Given data.

*-*-*

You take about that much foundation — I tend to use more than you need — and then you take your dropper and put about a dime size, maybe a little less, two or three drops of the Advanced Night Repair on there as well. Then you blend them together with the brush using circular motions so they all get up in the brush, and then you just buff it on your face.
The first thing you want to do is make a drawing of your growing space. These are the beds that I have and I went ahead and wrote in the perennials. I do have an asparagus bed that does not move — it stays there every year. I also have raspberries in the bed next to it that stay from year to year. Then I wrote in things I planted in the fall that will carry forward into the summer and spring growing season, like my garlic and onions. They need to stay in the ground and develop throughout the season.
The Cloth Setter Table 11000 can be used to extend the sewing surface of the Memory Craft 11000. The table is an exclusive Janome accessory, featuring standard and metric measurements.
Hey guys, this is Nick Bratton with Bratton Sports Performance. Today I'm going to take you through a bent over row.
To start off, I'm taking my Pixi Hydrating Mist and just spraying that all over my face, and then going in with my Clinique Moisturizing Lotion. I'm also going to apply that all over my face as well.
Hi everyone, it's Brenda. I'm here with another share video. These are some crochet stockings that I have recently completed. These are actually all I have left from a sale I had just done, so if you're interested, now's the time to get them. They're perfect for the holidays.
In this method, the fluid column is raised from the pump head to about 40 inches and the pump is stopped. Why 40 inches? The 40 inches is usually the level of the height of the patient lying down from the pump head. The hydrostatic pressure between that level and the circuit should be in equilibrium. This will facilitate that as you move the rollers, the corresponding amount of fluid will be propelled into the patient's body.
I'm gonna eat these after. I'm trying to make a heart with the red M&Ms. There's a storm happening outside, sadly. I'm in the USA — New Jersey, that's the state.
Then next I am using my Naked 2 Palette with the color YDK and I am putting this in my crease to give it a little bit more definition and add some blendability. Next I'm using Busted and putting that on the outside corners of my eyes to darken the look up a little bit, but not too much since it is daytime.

*-*-*

Work order. Please transcribe the lines from the one containing "I'm gonna eat" through the last line of the records. Include both ends and nothing else.

Result of the exercise.
I'm gonna eat these after. I'm trying to make a heart with the red M&Ms. There's a storm happening outside, sadly. I'm in the USA — New Jersey, that's the state.
Then next I am using my Naked 2 Palette with the color YDK and I am putting this in my crease to give it a little bit more definition and add some blendability. Next I'm using Busted and putting that on the outside corners of my eyes to darken the look up a little bit, but not too much since it is daytime.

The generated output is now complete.